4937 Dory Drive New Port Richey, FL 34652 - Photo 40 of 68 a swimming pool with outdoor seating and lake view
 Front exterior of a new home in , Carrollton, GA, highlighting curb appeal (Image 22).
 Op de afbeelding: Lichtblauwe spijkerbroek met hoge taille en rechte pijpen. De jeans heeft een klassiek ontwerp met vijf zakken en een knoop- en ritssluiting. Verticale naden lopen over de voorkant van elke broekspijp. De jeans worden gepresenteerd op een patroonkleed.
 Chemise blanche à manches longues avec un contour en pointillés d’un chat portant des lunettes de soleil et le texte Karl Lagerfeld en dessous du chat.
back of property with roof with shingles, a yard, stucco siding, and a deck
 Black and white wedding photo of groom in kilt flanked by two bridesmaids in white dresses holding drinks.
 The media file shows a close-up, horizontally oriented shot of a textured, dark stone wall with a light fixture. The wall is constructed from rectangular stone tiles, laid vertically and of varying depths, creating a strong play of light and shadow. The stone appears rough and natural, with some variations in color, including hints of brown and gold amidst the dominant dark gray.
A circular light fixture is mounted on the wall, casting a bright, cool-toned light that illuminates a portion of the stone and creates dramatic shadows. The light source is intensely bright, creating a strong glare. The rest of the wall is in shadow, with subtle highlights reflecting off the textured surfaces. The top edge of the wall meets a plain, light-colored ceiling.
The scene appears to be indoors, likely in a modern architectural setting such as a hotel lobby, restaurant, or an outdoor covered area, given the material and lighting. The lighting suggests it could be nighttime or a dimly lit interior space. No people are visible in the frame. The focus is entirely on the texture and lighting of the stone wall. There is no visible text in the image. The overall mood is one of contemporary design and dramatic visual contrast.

##############################

Nothing but a number should be returned: how many lines of the listing include "appears".

Solution to the exercise ▸ 2